Вот только пахло от нее цветущими яблонями – надеждой.
– У меня же никого, кроме тебя! – Неисправимый ловелас ткнул себя кулаком в грудь. – В моем сердце только ты!
Каюсь, смешок сдержать мне не удалось, и господин Льетольв воззрился на меня с таким негодованием («И вы тоже?!»), что я подняла руки, сдаваясь.
– Простите, просто вспомнилась забавная история. – Я шагнула к выходу, уходя с линии огня. – Кстати, Сольвейг, я не успела вам сказать. У вас не… хм, дурная болезнь. Просто дерматит.
– Чего-о-о?! – совсем по-простонародному протянула Сольвейг.
– Раздражение, – поправилась я. – Так что я пропишу вам мазь, но это немного попозже. А пока рекомендую вам помириться с господином Льетольвом!
– Я же тебе говорил! – вскричал означенный господин, резво вскакивая с колен, и бросился к возлюбленной.
– Любимый, прости меня! – всхлипнула Сольвейг, бросаясь ему на шею. Их окутал столь насыщенный аромат роз и жасмина, что я поспешила исчезнуть, дабы не мешать.
Последнее, что я услышала, закрывая за собой дверь, было сдавленное: «Ты выйдешь за меня замуж?!»
Я усмехнулась, не сомневаясь в ответе.
На каждого господина Льетольва найдется своя Сольвейг…
Примерно в середине мая, к вящему восторгу Валериана, мы с ним сели на поезд в Альвхейм.

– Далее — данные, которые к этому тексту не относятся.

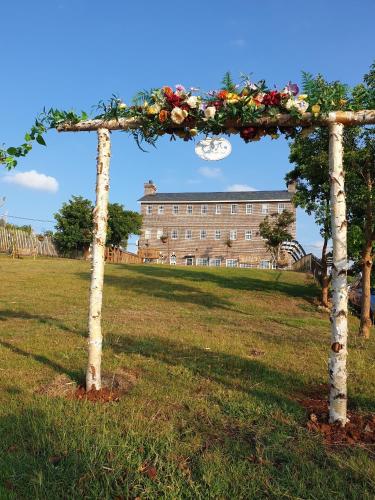 an arch with flowers on it in a field at 墾丁勿忘我城堡莊園 in Hengchun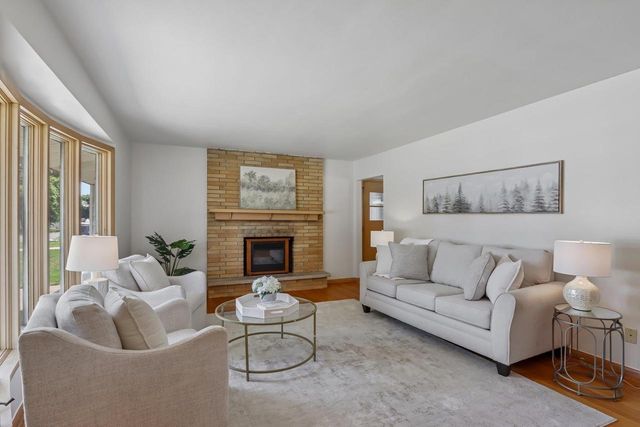 520 6th Street, Waunakee, WI 53597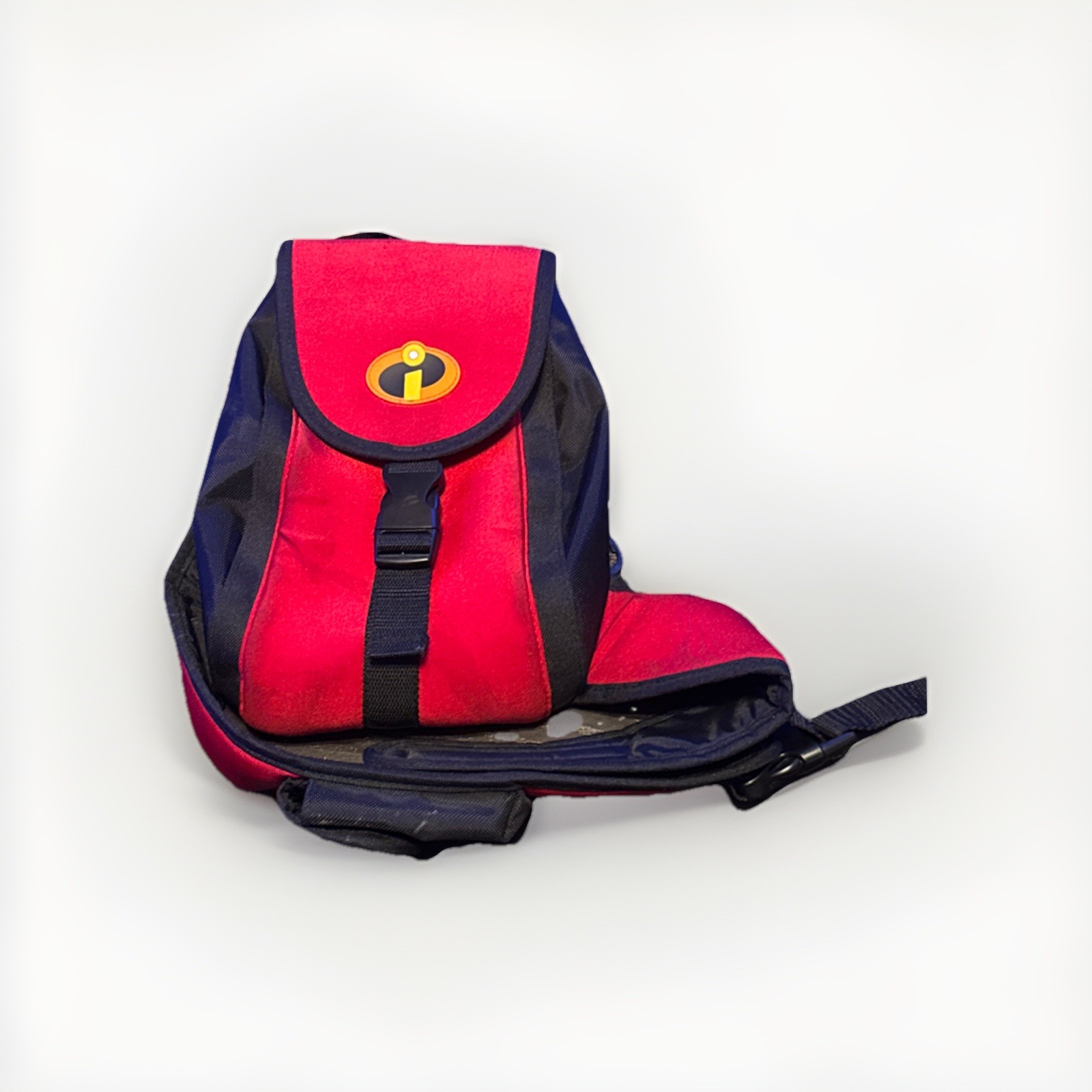 Disney Pixar The Incredibles Sling Bag for Nintendo Gameboy Mad Catz 2004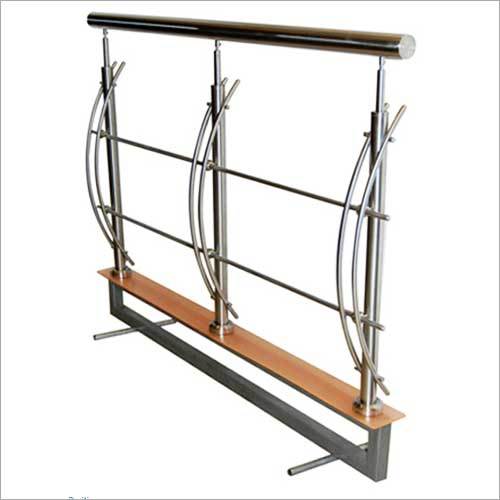 स्टेनलेस स्टील रेलिंग्स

Сын чуть не подпрыгивал от предвкушения, напряженно вглядываясь в окно, словно надеялся таким образом ускорить ход поезда.
А я слушала перестук колес, делая вид, что дремлю, и наблюдала за сыном из-под ресниц. За зиму он вытянулся, обещая со временем стать высоким и статным мужчиной. Теперь же он походил на кузнечика: мосластый, с длинными руками и ногами, еще не до конца освоившийся с новым ростом.
Мой мальчик, мой маленький сын. Теперь ты обидишься, если я назову тебя так…
Взяв на вокзале такси, мы отправились прямиком на аэродром. По правде говоря, мне бы хотелось прогуляться по Альвхейму, пройтись по магазинам и поглазеть на столичные достопримечательности, но Валериана переполняло нетерпение. Казалось, оно станет бить из него фонтаном, стоит задержаться хоть на полчаса.
Вскоре шумный город остался позади, и автомобиль покатил по горной дороге, где лишь изредка встречались деревушки. Зеленеющие леса, упоительный аромат цветов, молодой травы и хвои.
Я тихонько дремала, наслаждаясь весенним благоуханием, которое не портили даже выхлопы автомобиля. Уже три года прошло, а я после монотонных снегов Хельхейма все никак не могла привыкнуть к пестрому конфетти самых разных запахов.
– Мам, глянь! – Восторженный голос Валериана заставил меня очнуться. – Как они!..
Я проследила за его рукой. В пронзительно голубом небе кувыркались два самолета, выделывая пируэты какого-то странного танца.
Как не вспомнить?..
– Красиво, – согласилась я, едва дыша от застарелой боли.
– Я тоже так научусь! – убежденно сказал сын, и водитель, пожилой орк, улыбнулся понимающе…
Высадив нас у поворота, такси укатило.
– Вы к кому? – поинтересовался юноша в испачканном чем-то темным (и донельзя вонючим!) комбинезоне, не скрывая любопытства. Надо думать, случайных гостей здесь не бывало.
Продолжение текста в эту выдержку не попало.